The Observatory said Turkish and Russian military units had been due to meet at a border crossing to discuss the upcoming patrols.
Syrian state news agency SANA reported "Turkish mortar fire on the Derbasiyeh border crossing", some 60 kilometres east of Ras al-Ain, and said six Syrian civilians had been wounded.
It added that rounds were fired as Russian military police were driving by.
Turkey said the joint patrols with Russia would start "soon".
It said it would not hesitate to resume operations if it identified Kurdish fighters near the border, after its defence ministry said it had arrested 18 who claimed to be regime forces near Ras al-Ain.

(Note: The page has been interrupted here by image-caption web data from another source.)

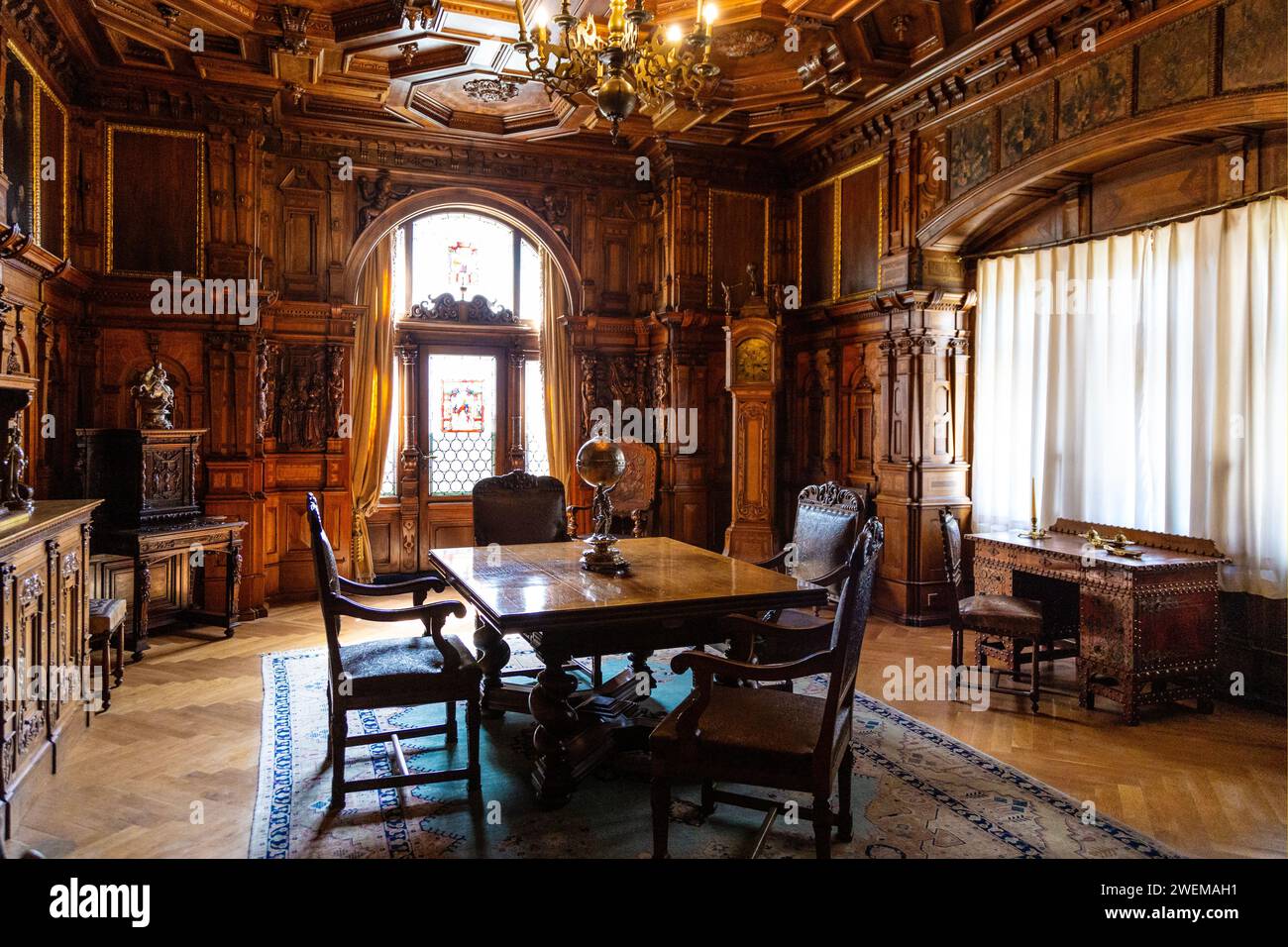 Sala consiliare con pannelli in legno, tavolo e sedie al Castello di Peles, Sinaia, Romania Foto Stock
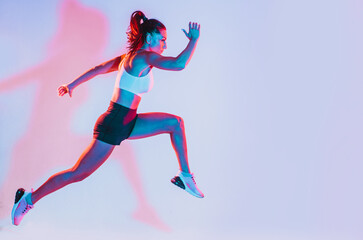 artistic image with colored gel lights of a beautiful fit woman making exercises in the gym with spo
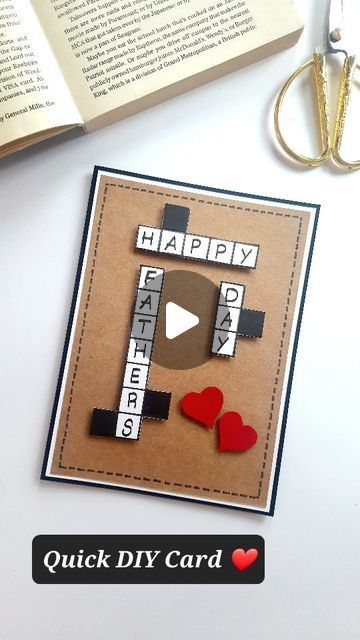 an open book and scissors on a table with a video playing card in the shape of a happy father's day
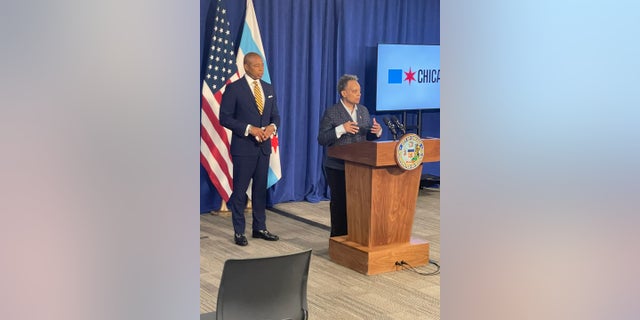 New York City Mayor Eric Adams stands behind Chicago Mayor Lori Lightfoot during a joint news conference Friday. The pair met to discuss ways to combat a violent crime wave in both cities.   
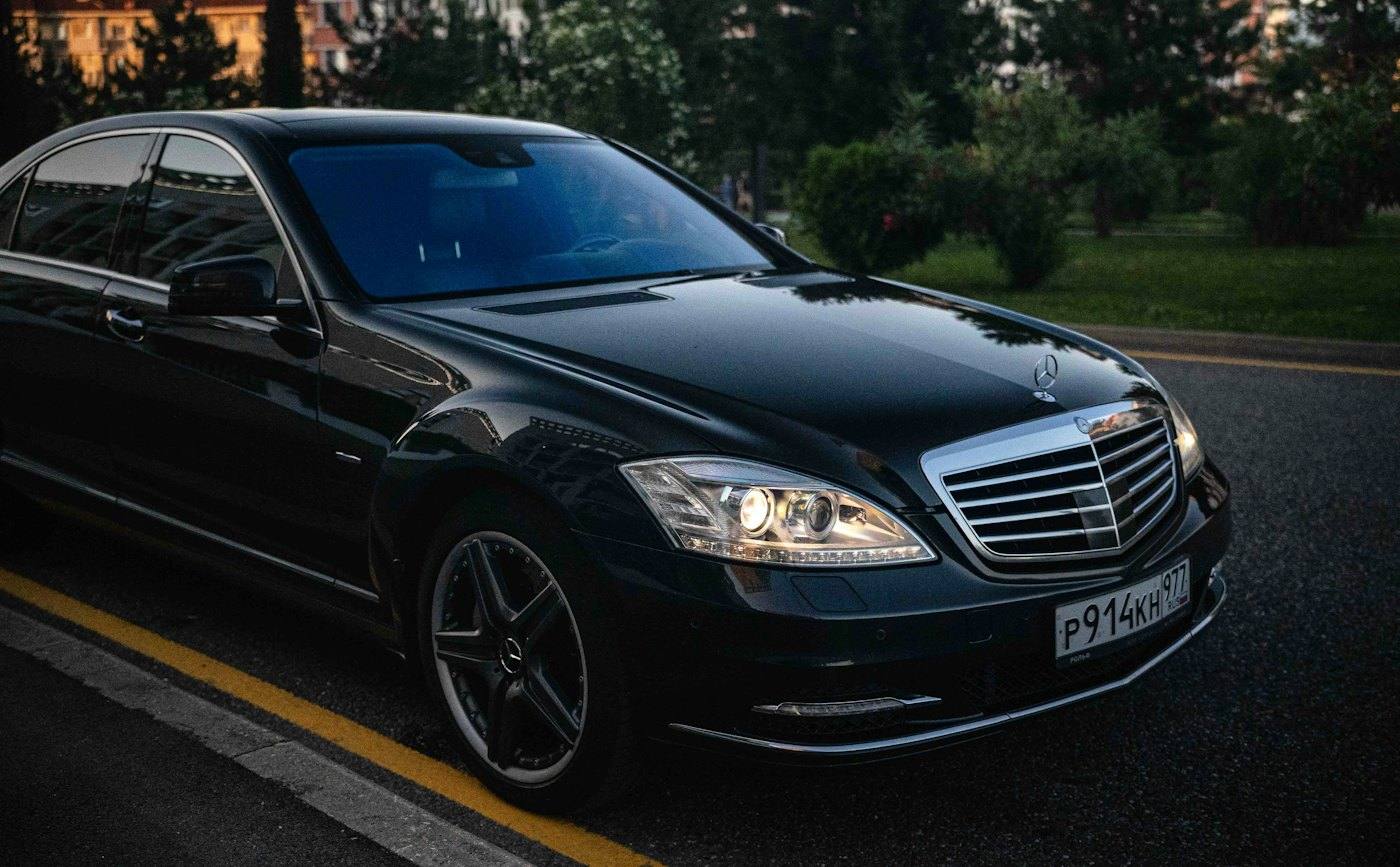 A dark sedan on an open road
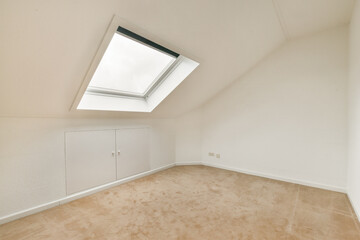 A bright, minimalist room featuring a skylight and soft beige carpeting. The walls are crisp white, creating a serene and airy atmosphere.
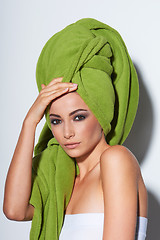 Image showing Woman with smokey makeup and green turban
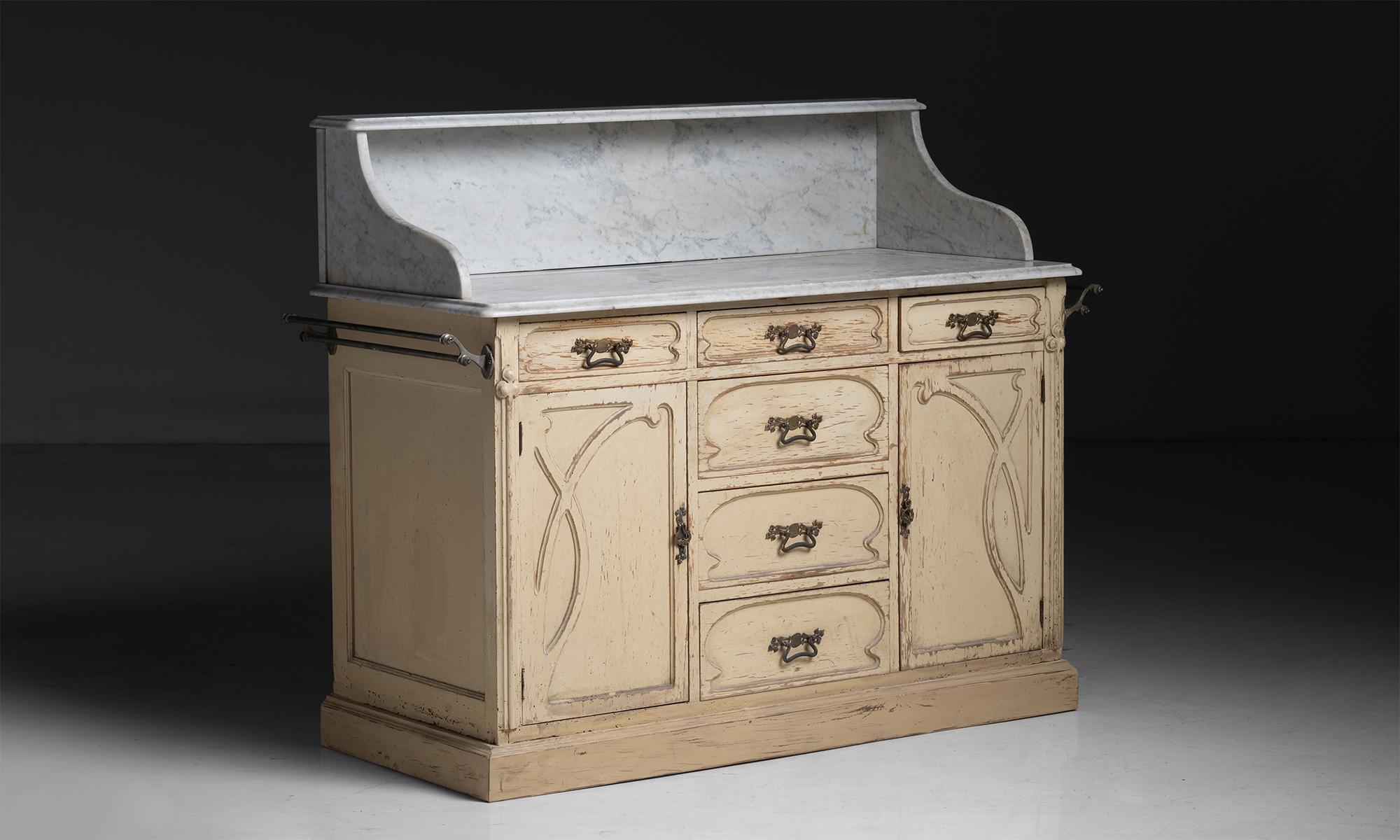Art Nouveau Wash Stand

England circa 1890

Marble top with decorative carving, original paint, and copper railing.

Measures 57.75”w x 24”d x 45.75”h x 33.5” surface height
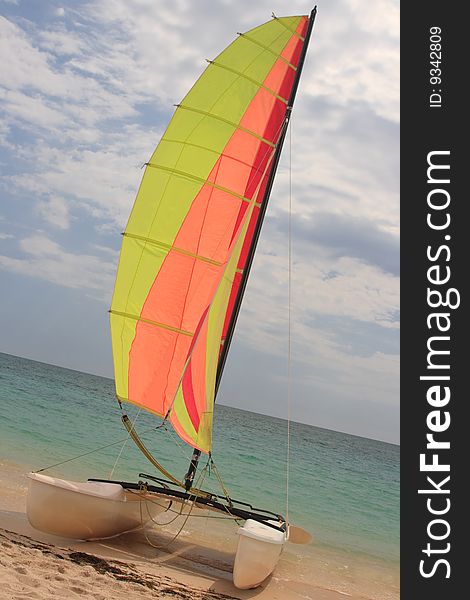 Catamaran with colored sail at the Caribbean Sea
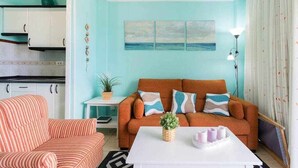 Ein Wohnzimmer mit einem gestreiften Sofa, einem orangefarbenen Sofa mit gemusterten Kissen, einem weißen Couchtisch und einem Meeresblick-Gemälde an der Wand.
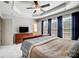 This bedroom features a trey ceiling and large windows allowing for great natural lighting and plush carpet at 582 Sixth Baxter Xing, Fort Mill, SC 29708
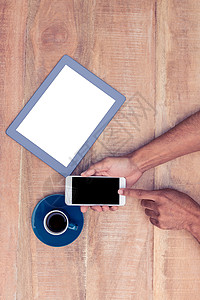 男人用智能电话 咖啡和桌上的平板电脑背景图片
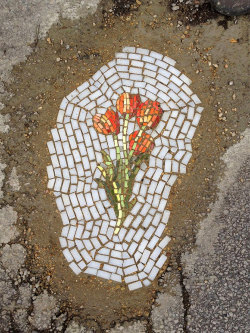  guerrilla artist fills chicago potholes with flower mosaics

The Syrian Democratic Forces, the de facto army of the moribund autonomous Kurdish administrated territory, has voiced reservations over the Sochi deal.
The agreement, to which the Kurds are not signatories, essentially hands much of their heartland to the regime.
- US presence -
Before Moscow launched a military intervention in Syria in 2015, President Bashar al-Assad barely controlled half of Syria's territory, with rebels, jihadists and Kurdish forces holding swathes of the country.
With Russian help, he clawed back much of the ground he had lost in the course of the grinding war, now in its ninth year.
The United States allied with the SDF in 2014 to fight the Syrian side of the war against the Islamic State's then sprawling "caliphate".
That phase of the conflict ended in March this year with the demise of the IS proto-state's last bastion in eastern Syria and US President Donald Trump's indications that he wanted to pull American troops out of the Syrian quagmire.
US forces present as part of an anti-IS coalition had been acting as a buffer between Turkey and the Kurds, both theoretically US allies, but that ended when they pulled back from the border at the beginning of October.
The White House then announced US forces were leaving the country altogether but they have since redeployed further east around oil wells in areas still under Kurdish control.
"We want to keep the oil, and we'll work something out with the Kurds," Trump said.
The Observatory said the US-led coalition Tuesday targeted regime positions in the eastern oil-rich province of Deir Ezzor with rocket fire.
The coalition did not immediately respond to a request for comment.